:: Stored records ::
• • • • • • •
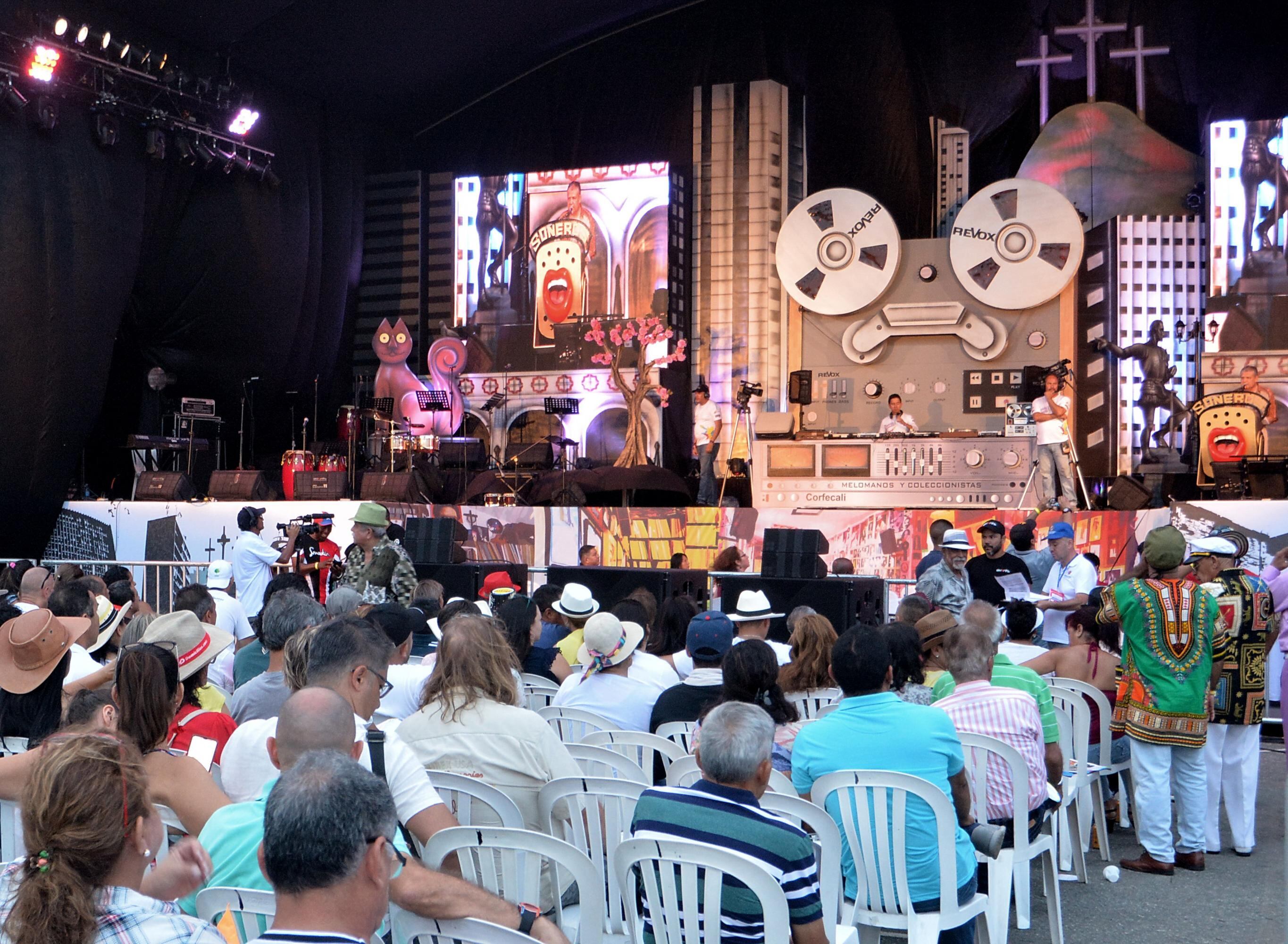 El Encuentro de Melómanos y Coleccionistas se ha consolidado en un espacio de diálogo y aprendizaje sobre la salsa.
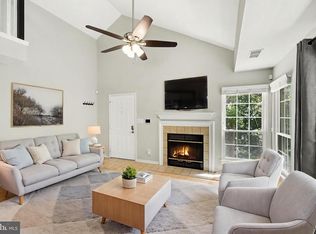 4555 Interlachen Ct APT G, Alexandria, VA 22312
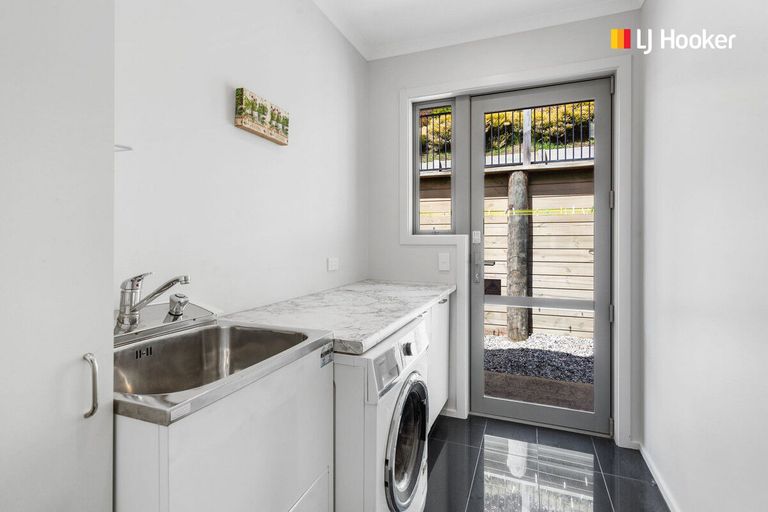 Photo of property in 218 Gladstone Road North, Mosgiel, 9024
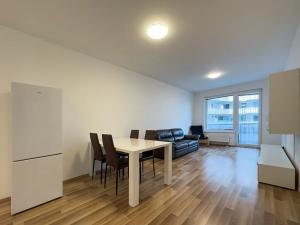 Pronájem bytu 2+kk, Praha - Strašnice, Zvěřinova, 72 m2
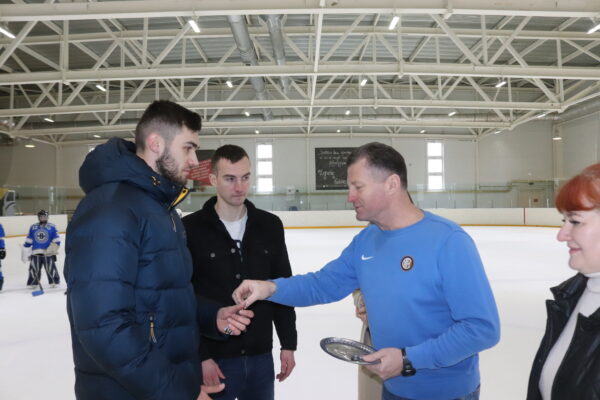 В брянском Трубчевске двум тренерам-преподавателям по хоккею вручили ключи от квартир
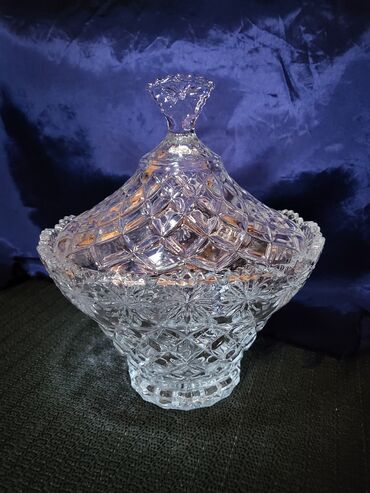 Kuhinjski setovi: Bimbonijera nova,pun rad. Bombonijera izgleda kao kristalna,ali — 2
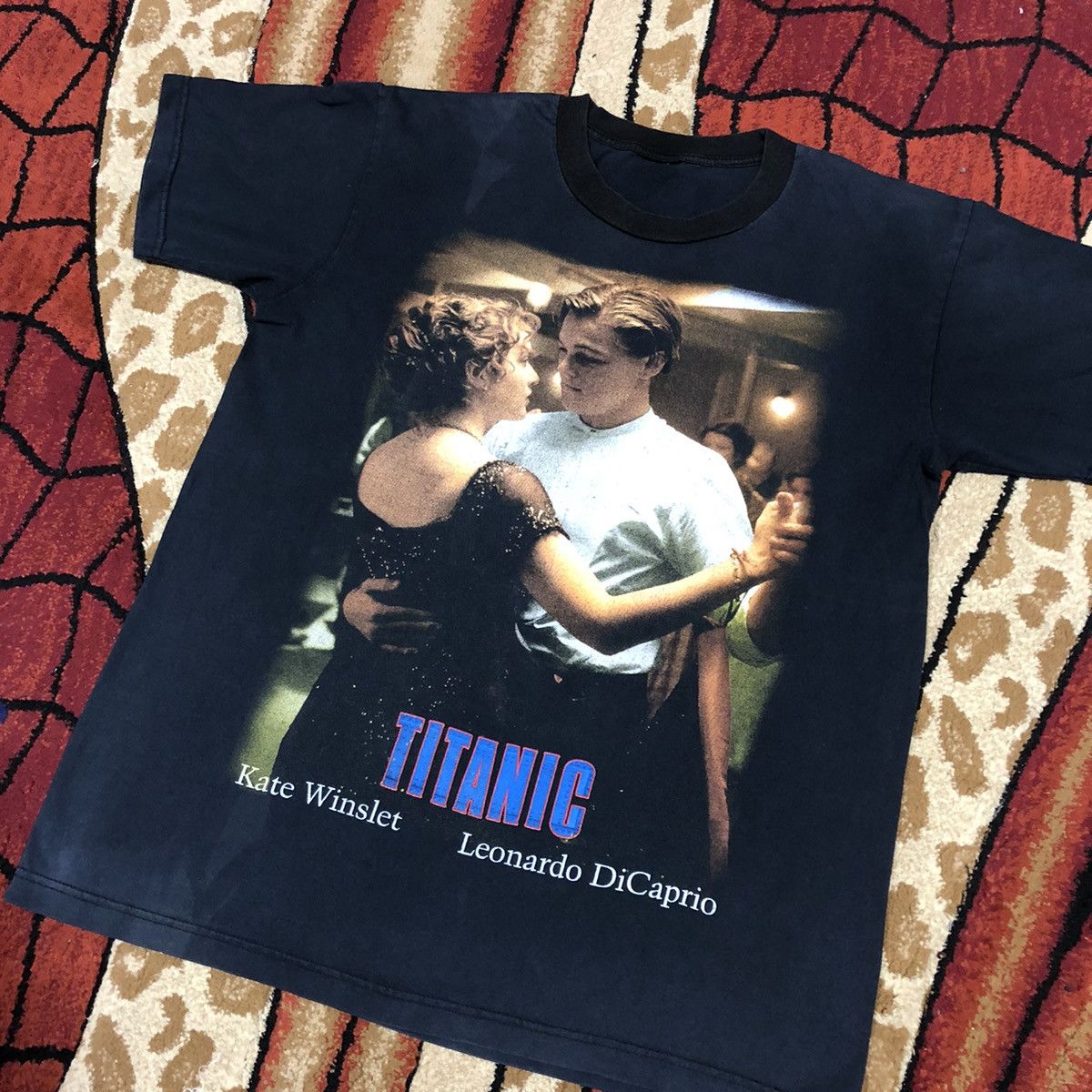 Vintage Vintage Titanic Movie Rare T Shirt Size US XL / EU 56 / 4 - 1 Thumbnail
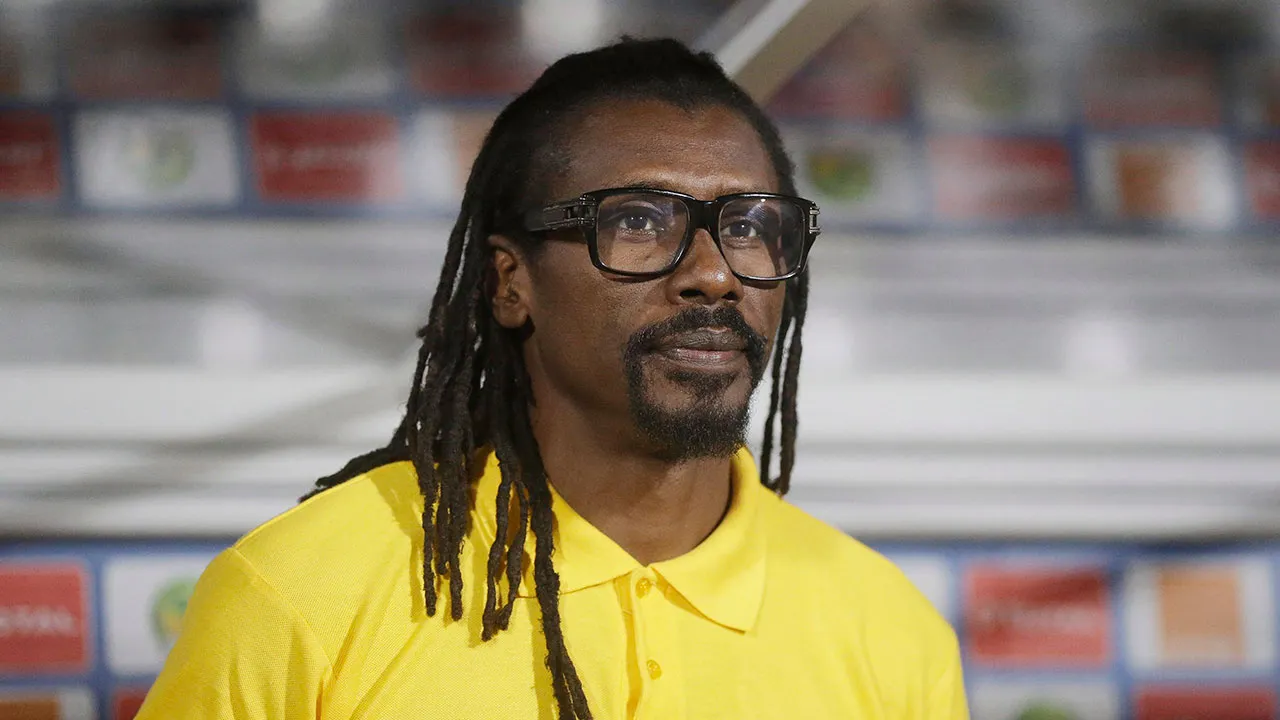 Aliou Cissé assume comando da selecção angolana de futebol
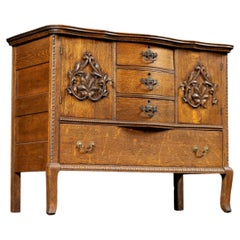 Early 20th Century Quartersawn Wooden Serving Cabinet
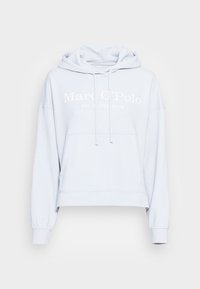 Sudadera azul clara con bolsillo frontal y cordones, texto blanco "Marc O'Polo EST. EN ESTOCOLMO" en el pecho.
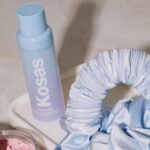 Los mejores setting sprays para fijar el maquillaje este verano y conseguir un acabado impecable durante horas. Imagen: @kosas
• • • • • • •
:: EXERCISE REQUIREMENTS ::
For your answer, write out the data exactly and drop every picture.

:: RESPONSE ::
 El Encuentro de Melómanos y Coleccionistas se ha consolidado en un espacio de diálogo y aprendizaje sobre la salsa.
 4555 Interlachen Ct APT G, Alexandria, VA 22312
 Photo of property in 218 Gladstone Road North, Mosgiel, 9024
 Pronájem bytu 2+kk, Praha - Strašnice, Zvěřinova, 72 m2
 В брянском Трубчевске двум тренерам-преподавателям по хоккею вручили ключи от квартир
 Kuhinjski setovi: Bimbonijera nova,pun rad. Bombonijera izgleda kao kristalna,ali — 2
 Vintage Vintage Titanic Movie Rare T Shirt Size US XL / EU 56 / 4 - 1 Thumbnail
 Aliou Cissé assume comando da selecção angolana de futebol
 Early 20th Century Quartersawn Wooden Serving Cabinet
 Sudadera azul clara con bolsillo frontal y cordones, texto blanco "Marc O'Polo EST. EN ESTOCOLMO" en el pecho.
 Los mejores setting sprays para fijar el maquillaje este verano y conseguir un acabado impecable durante horas. Imagen: @kosas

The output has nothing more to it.